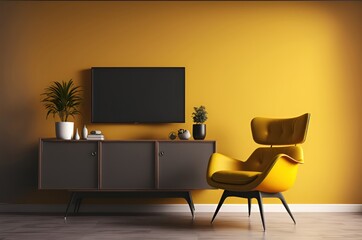 Salón amarillo con estilo retro y muebles modernos, creada con IA generativa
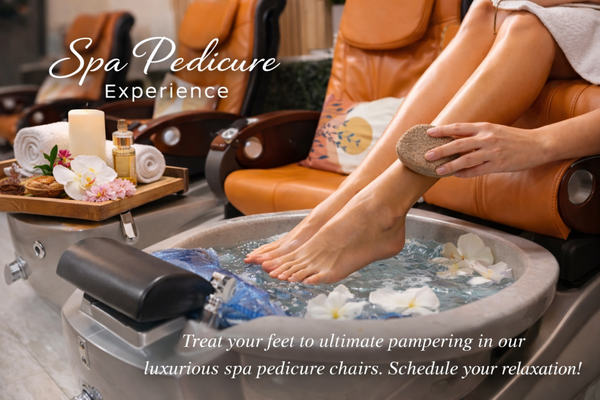 Spa Pedicure Exprience - Indulge in our luxurious Spa Pedicure Experience designed to relax, refresh, and rejuvenate your feet.
We use premium spa products, soothing hot towels, exfoliating scrub, collagen mask, and moisturizing treatment to leave your skin soft and glowing.
Enjoy a calming atmosphere in our comfortable spa chairs while we take care of every detail.
Perfect for self-care or a special treat. Book your appointment today and experience the difference! Spa Pedicure Exprience - Indulge in our luxurious Spa Pedicure Experience designed to relax, refresh, and rejuvenate your feet.
We use premium spa products, soothing hot towels, exfoliating scrub, collagen mask, and moisturizing treatment to leave your skin soft and glowing.
Enjoy a calming atmosphere in our comfortable spa chairs while we take care of every detail.
Perfect for self-care or a special treat. Book your appointment today and experience the difference!
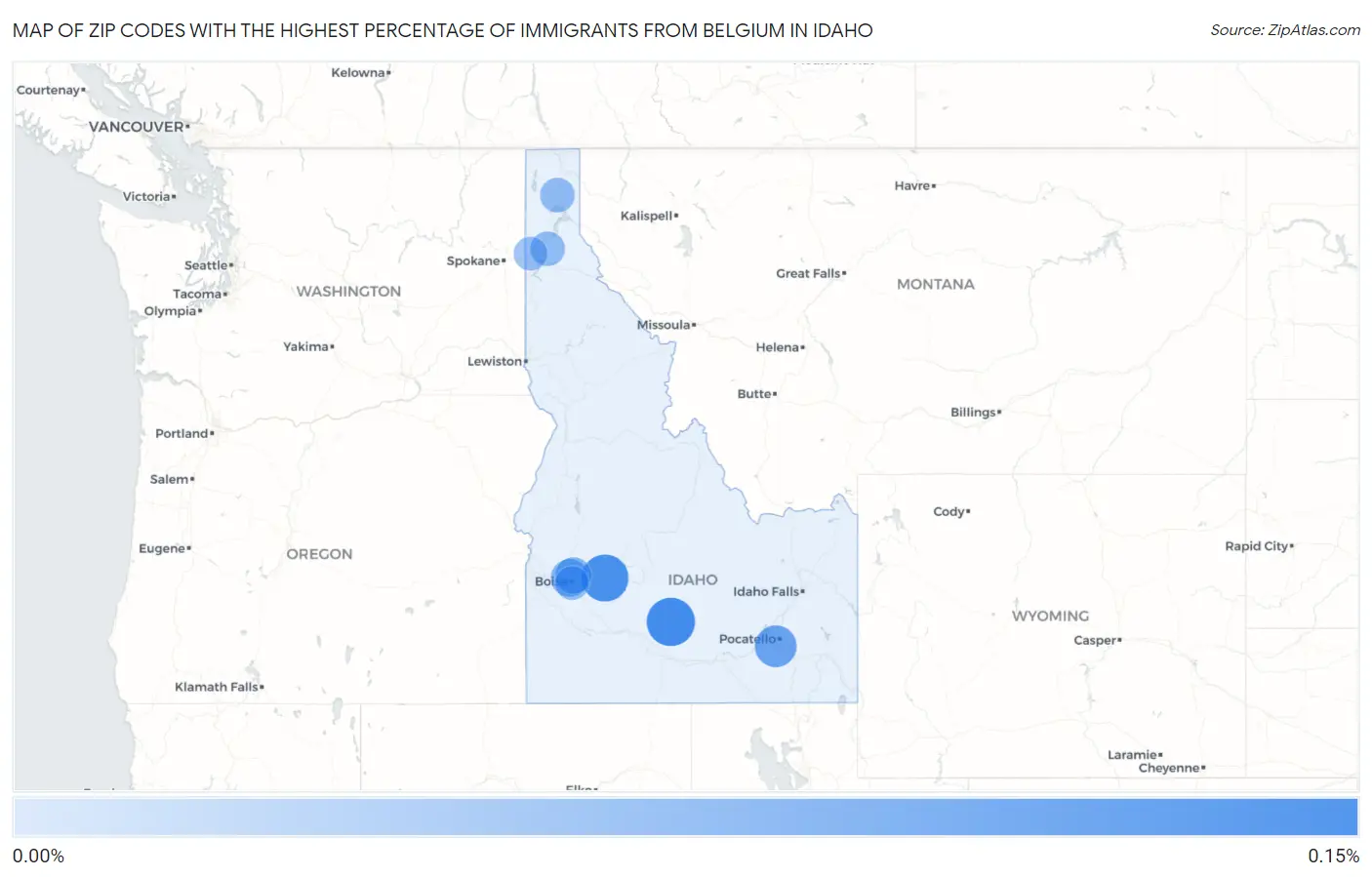 Zip Codes with the Highest Percentage of Immigrants from Belgium in Idaho Map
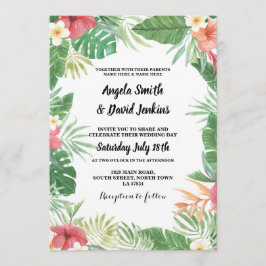 Convite tropical do hibiscus do casamento da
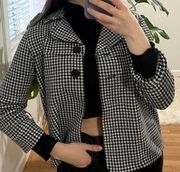 Cato Houndstooth Short Jacket  Blck White Sz 12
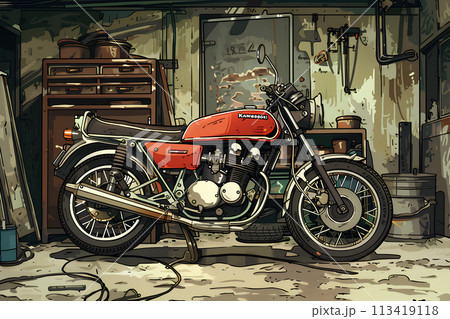 1970年代のオートバイのある風景-1 113419118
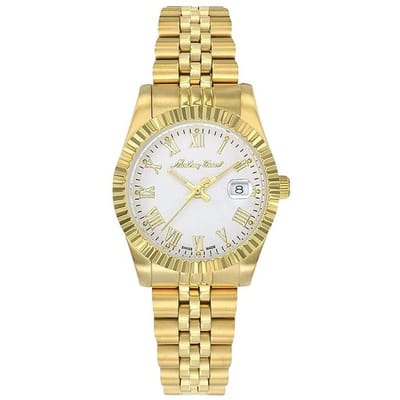 Mathey-Tissot Mathy III Romeins Goudkleurig Roestvrij Staal Wit Wijzerplaat Kwarts D810PBRI Dameshorloge wit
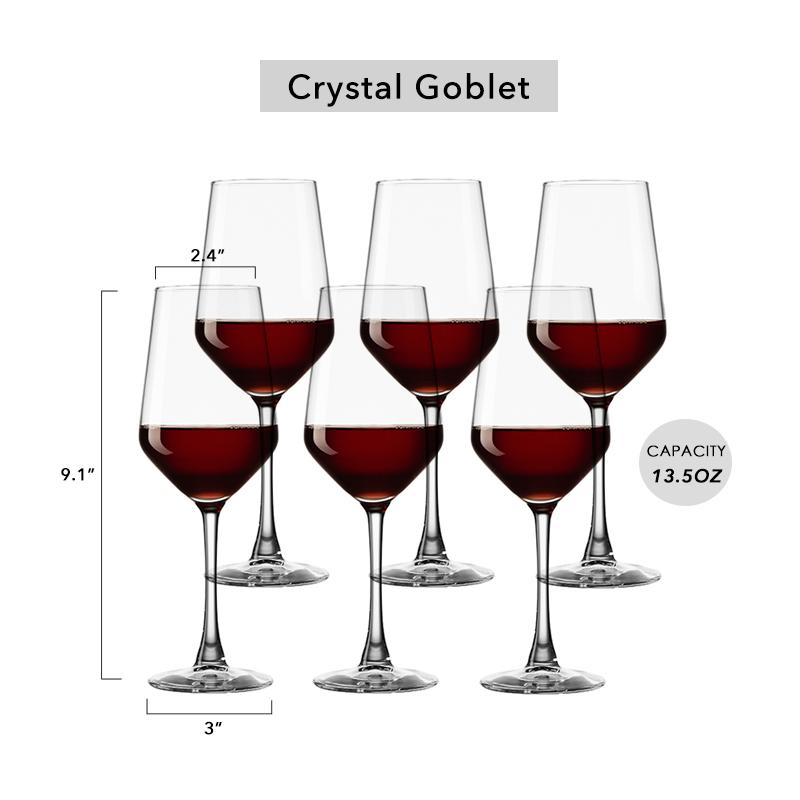 Red Wine Goblet ,Large Crystal Wine Glass, Christmas Durable Modern Beautiful Stemmed Wine Glasses,Clear Stylish Wine Glass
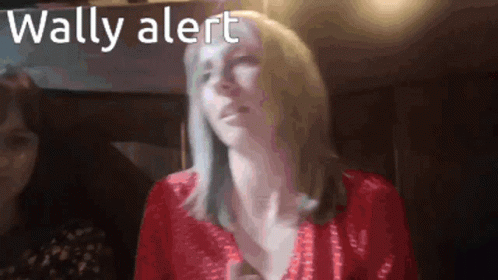 A Woman In A Red Top With The Words Wally Alert Below Her GIF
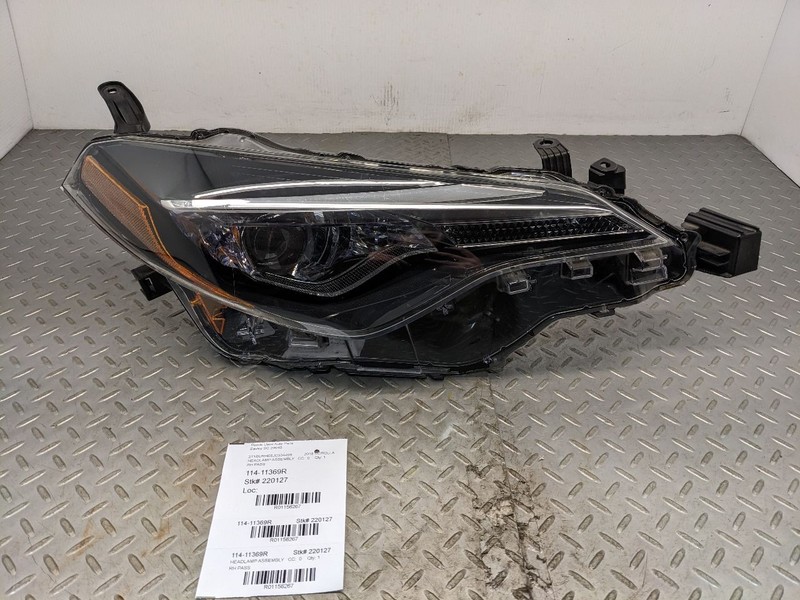 Passenger Right Headlight Sedan Bi-led Fits 17-19 COROLLA 1156267
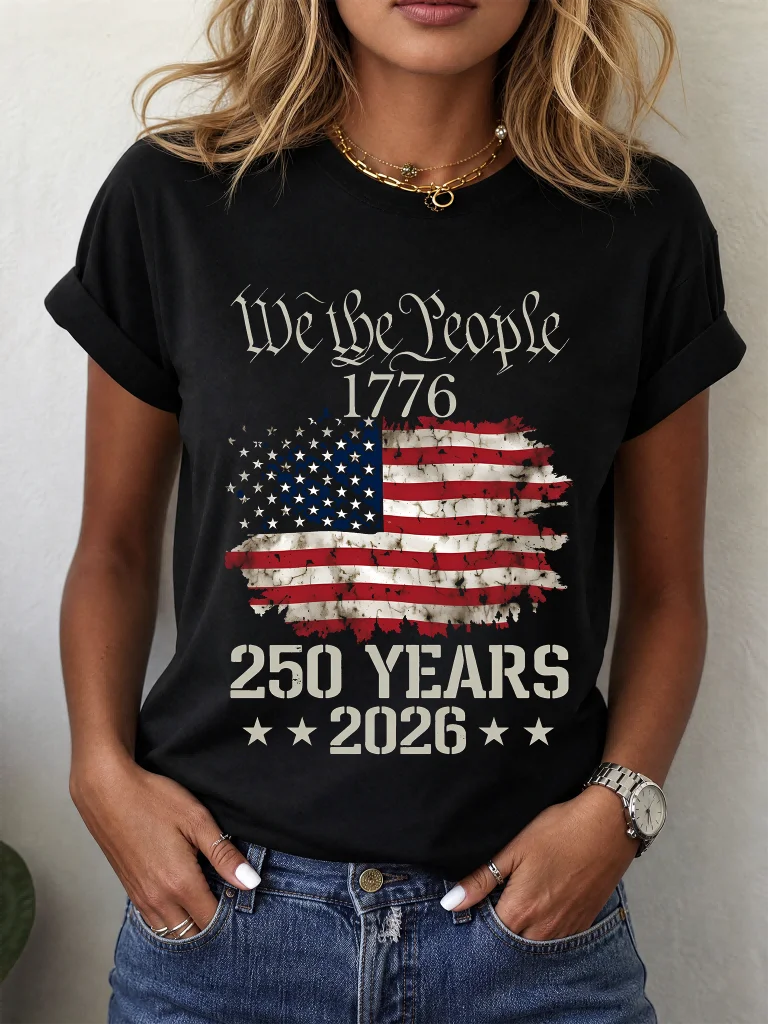 ilstile Women's We The People 1776 T-Shirt 250th Anniversary 1776-2026 American Flag Patriotic 4th of July Casual Tops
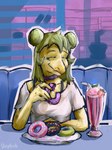 absurd_res anthro arms_bent artist_name beverage biped breasts choker clothed clothed_anthro clothed_female clothing colored dessert detailed_background diner dinosaur doughnut drinking_straw eating elbow_on_table eyebrows eyes_closed female first_person_view food front_view fruit furniture goodbye_volcano_high green_body green_hair green_scales hair hair_buns happy hi_res inside jewelry long_hair milkshake necklace non-mammal_breasts ornithischian pastry plant plate prehistoric_species reptile restaurant scales scalie sheglech shirt sitting smile solo stegosaurian stegosaurus stella_(gvh_beta) strawberry t-shirt table thyreophoran topwear white_clothing white_shirt white_t-shirt white_topwear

══════════

* What is required
Print exactly the lines above that run from the one with "Zip Codes with" to the one with "ilstile Women's We", both included. No pictures.

* Solution to the exercise
 Zip Codes with the Highest Percentage of Immigrants from Belgium in Idaho Map
 Convite tropical do hibiscus do casamento da
 Cato Houndstooth Short Jacket  Blck White Sz 12
 1970年代のオートバイのある風景-1 113419118
 Mathey-Tissot Mathy III Romeins Goudkleurig Roestvrij Staal Wit Wijzerplaat Kwarts D810PBRI Dameshorloge wit
 Red Wine Goblet ,Large Crystal Wine Glass, Christmas Durable Modern Beautiful Stemmed Wine Glasses,Clear Stylish Wine Glass
 A Woman In A Red Top With The Words Wally Alert Below Her GIF
 Passenger Right Headlight Sedan Bi-led Fits 17-19 COROLLA 1156267
 ilstile Women's We The People 1776 T-Shirt 250th Anniversary 1776-2026 American Flag Patriotic 4th of July Casual Tops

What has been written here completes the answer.